El Legado de The French Connection en el Paisaje Urbano
Recorrer esta peregrinación por los escenarios de «The French Connection» es mucho más que un mero ejercicio de localización de filmaciones. Es una lección de historia urbana, un análisis sobre cómo las ciudades evolucionan y un homenaje a una obra de arte que capturó la esencia de su época con una brutal honestidad. Desde los soleados muelles de Marsella hasta las sombrías ruinas industriales de Wards Island, la película nos ofrece un mapa de dos mundos que, aunque transformados por el tiempo, aún conservan el eco de la historia que Friedkin narró.
Nueva York, en particular, ha cambiado profundamente. La ciudad, que alguna vez estuvo al borde de la quiebra, es ahora un símbolo global de riqueza y renovación. Las calles por donde Popeye conducía de manera temeraria son ahora más limpias, seguras y, en muchos casos, irreconocibles. Sin embargo, el espíritu de la película, su energía cruda y su determinación, siguen siendo parte del ADN de la ciudad. El estruendo del tren elevado en Brooklyn, el caos organizado de Grand Central, la imponente silueta del Puente de Brooklyn… estos elementos permanecen eternos.

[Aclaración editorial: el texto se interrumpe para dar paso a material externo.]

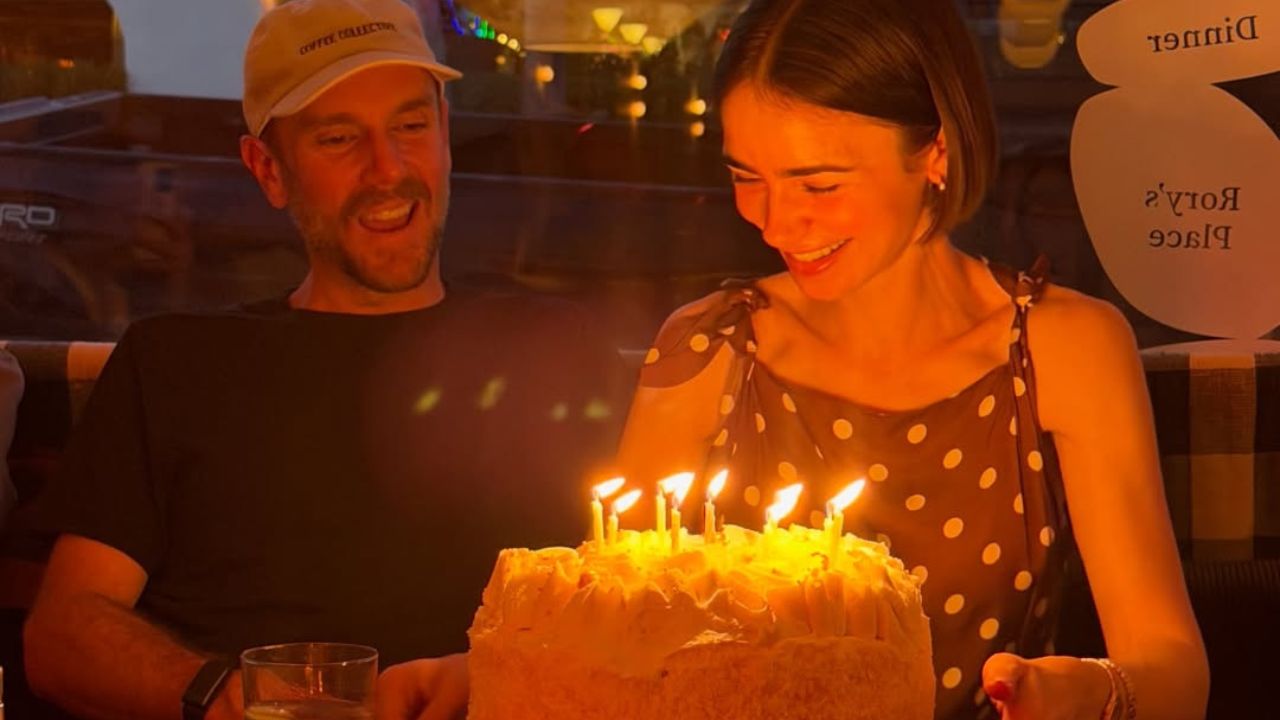 Lily Collins: Τα τρυφερά οικογενειακά στιγμιότυπα με αφορμή τα 37α γενέθλιά της 1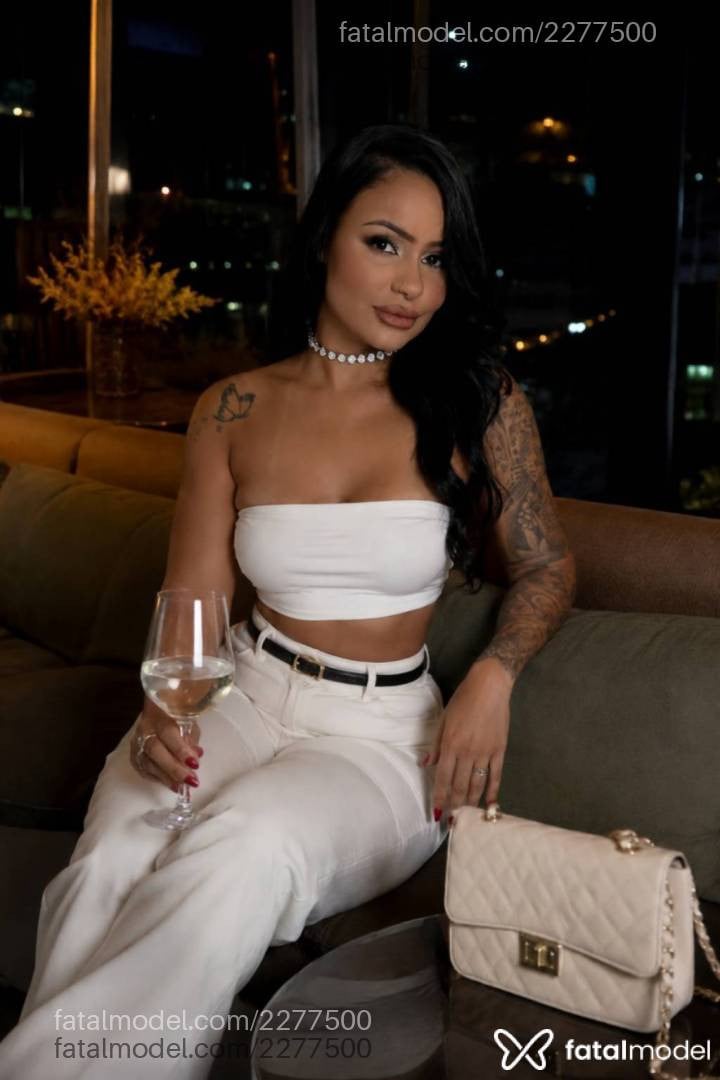 Acompanhante mulher morena (o) de olhos castanhos em São Paulo - Bel Lins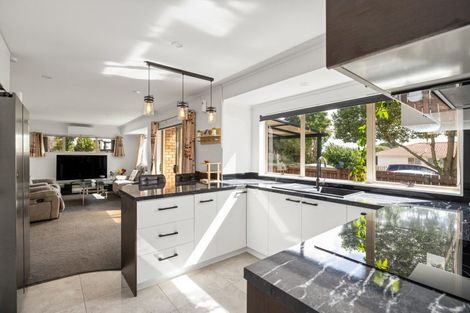 Photo of property in 9a Portland Street, Welcome Bay, Tauranga, 3112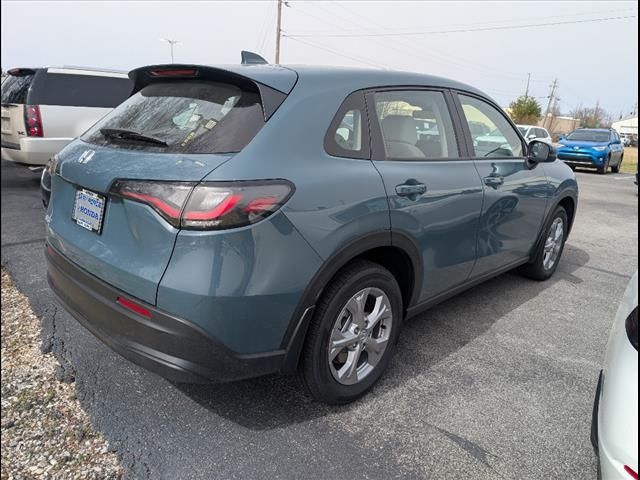 2025 Honda HR-V LX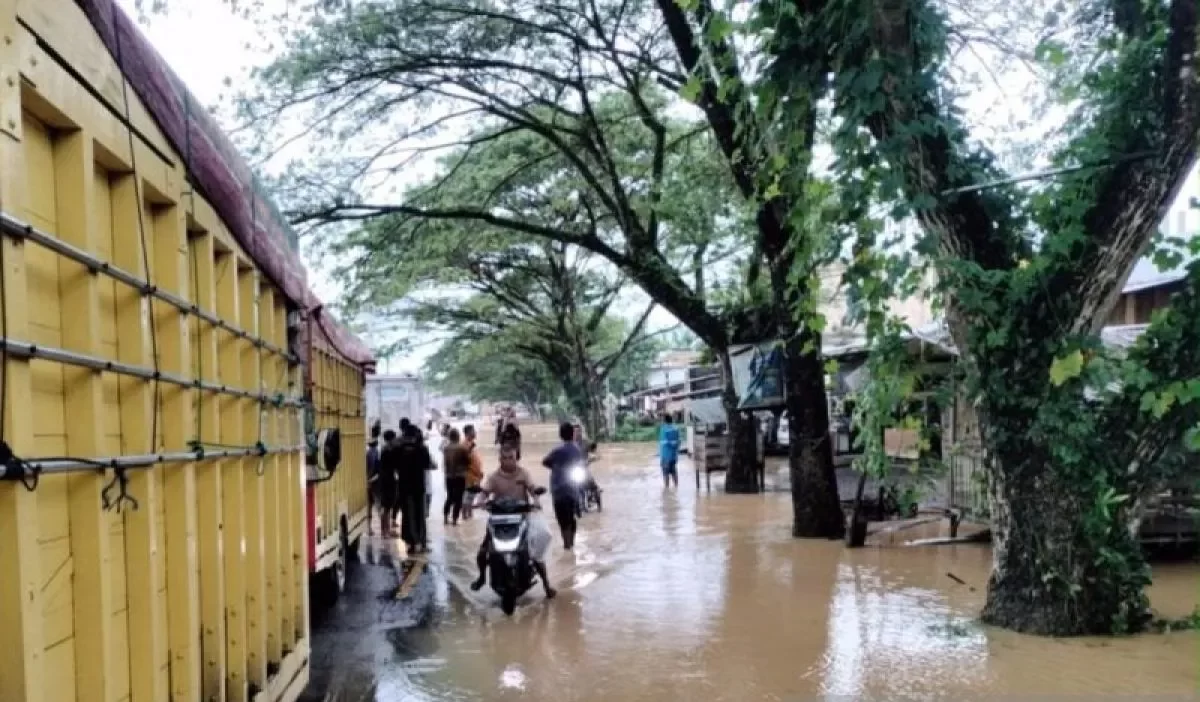 Banjir Lumpuhkan Akses Transportasi Jalan Provinsi di Nagan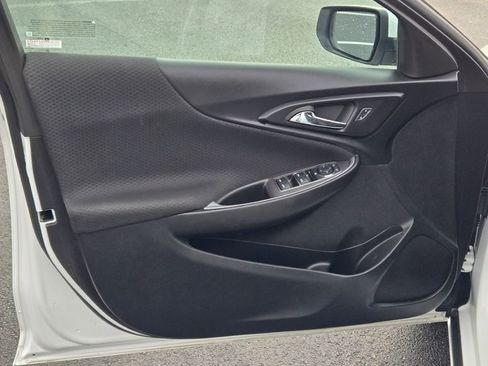 Used 2023 Chevrolet Malibu LT image 18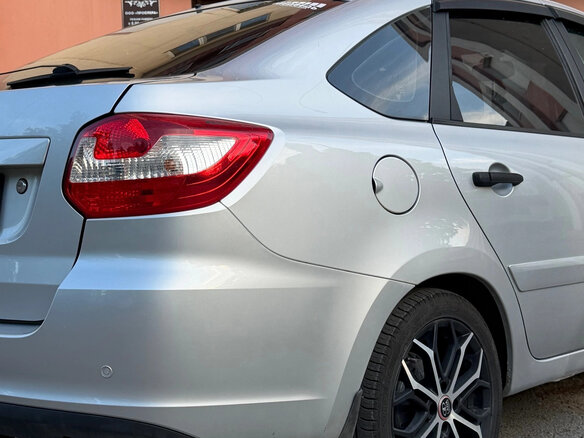 2015 Lada (ВАЗ) Granta I, серебристый, 550000 рублей - вид 5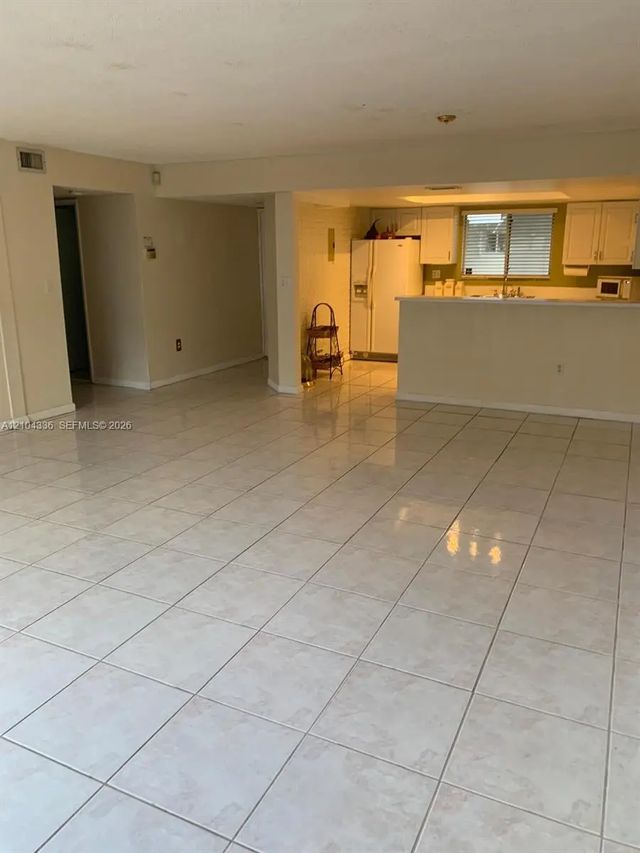5 of 25 - 14901 Sw 80th Street #111, Miami, FL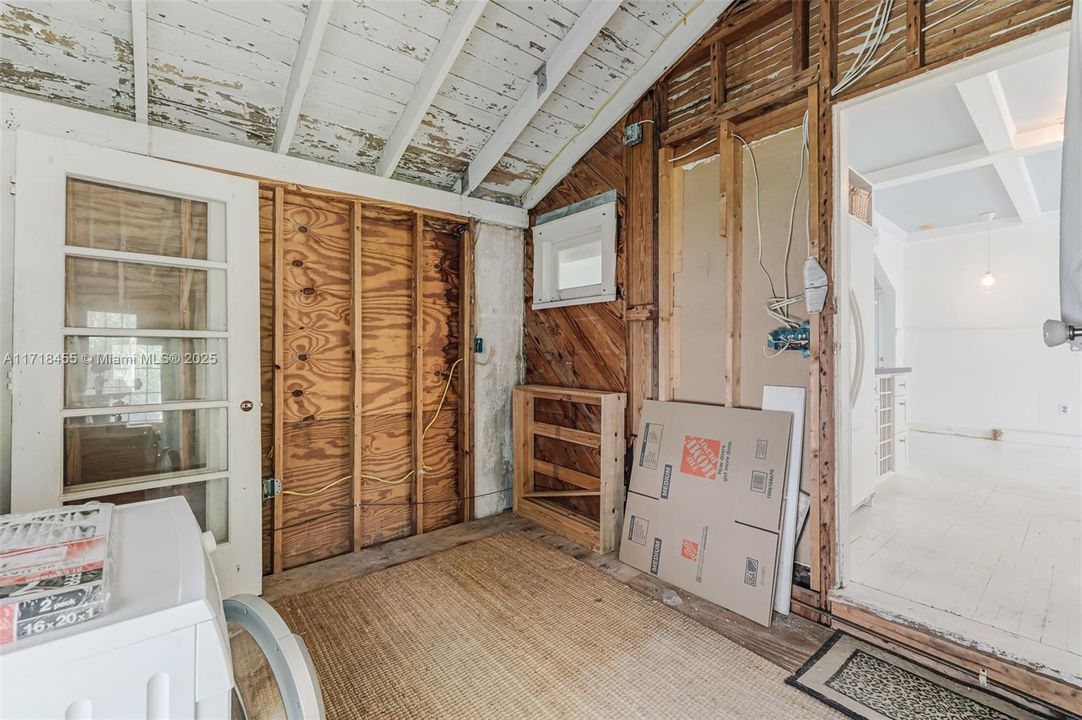 Recently Sold: $891,500 (2 beds, 1 baths, 1197 Square Feet)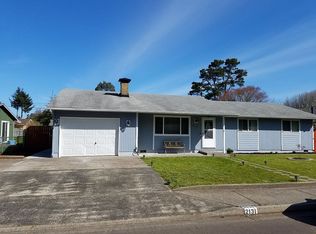 2131 16th St, Florence, OR 97439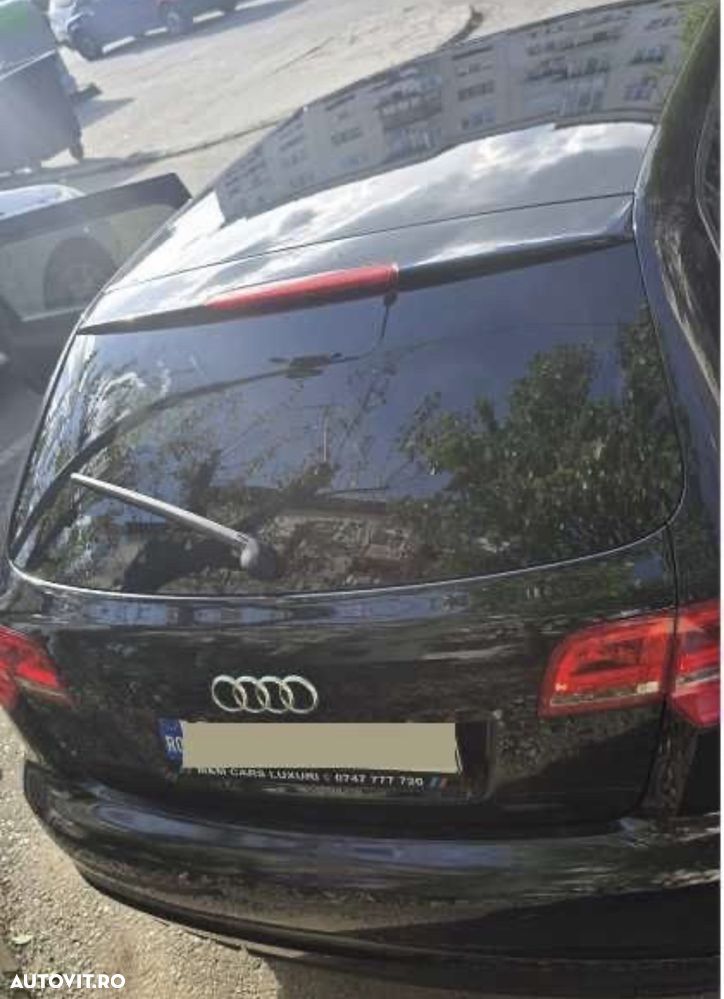 Audi A3 Sportback - 2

Pasear por estas calles es sentir las capas de historia bajo nuestros pies. Es imaginar el Pontiac LeMans pasando a toda velocidad, escuchar el eco de los pasos de Popeye en una escalera del metro y percibir la brisa del Mediterráneo en un callejón de Marsella. «The French Connection» no solo usó estas ciudades como escenario; las convirtió en personajes centrales, con sus propias personalidades, defectos y belleza. Para el peregrino actual, el viaje es un diálogo entre el pasado cinematográfico y el presente vibrante, un recordatorio de que las grandes historias nunca mueren, sino que se incrustan en el tejido de los lugares que las inspiraron, esperando a que alguien vuelva a escucharlas.